-- THE TASK --
What is needed is an exact copy of the lines in the listing below, from the one with "magician couple and their pet cat emoji" up to and including the one with "منفضة هواء كهربائية", with no other lines.

-- DATA --
· · · ·

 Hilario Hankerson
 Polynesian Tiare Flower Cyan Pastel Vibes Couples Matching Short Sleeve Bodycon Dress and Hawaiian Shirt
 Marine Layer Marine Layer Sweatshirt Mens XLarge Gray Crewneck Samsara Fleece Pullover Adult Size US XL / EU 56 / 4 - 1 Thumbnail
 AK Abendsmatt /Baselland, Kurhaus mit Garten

· · · ·

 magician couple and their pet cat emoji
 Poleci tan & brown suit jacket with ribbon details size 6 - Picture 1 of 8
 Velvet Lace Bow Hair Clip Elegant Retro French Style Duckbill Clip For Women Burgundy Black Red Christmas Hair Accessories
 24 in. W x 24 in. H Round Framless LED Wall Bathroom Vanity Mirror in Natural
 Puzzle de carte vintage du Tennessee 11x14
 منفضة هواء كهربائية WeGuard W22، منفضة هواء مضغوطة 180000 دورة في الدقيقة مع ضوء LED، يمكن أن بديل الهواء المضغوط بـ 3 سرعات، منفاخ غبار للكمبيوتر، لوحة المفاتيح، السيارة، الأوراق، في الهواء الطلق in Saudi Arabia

· · · ·

-- COMPLETED TASK --
 magician couple and their pet cat emoji
 Poleci tan & brown suit jacket with ribbon details size 6 - Picture 1 of 8
 Velvet Lace Bow Hair Clip Elegant Retro French Style Duckbill Clip For Women Burgundy Black Red Christmas Hair Accessories
 24 in. W x 24 in. H Round Framless LED Wall Bathroom Vanity Mirror in Natural
 Puzzle de carte vintage du Tennessee 11x14
 منفضة هواء كهربائية WeGuard W22، منفضة هواء مضغوطة 180000 دورة في الدقيقة مع ضوء LED، يمكن أن بديل الهواء المضغوط بـ 3 سرعات، منفاخ غبار للكمبيوتر، لوحة المفاتيح، السيارة، الأوراق، في الهواء الطلق in Saudi Arabia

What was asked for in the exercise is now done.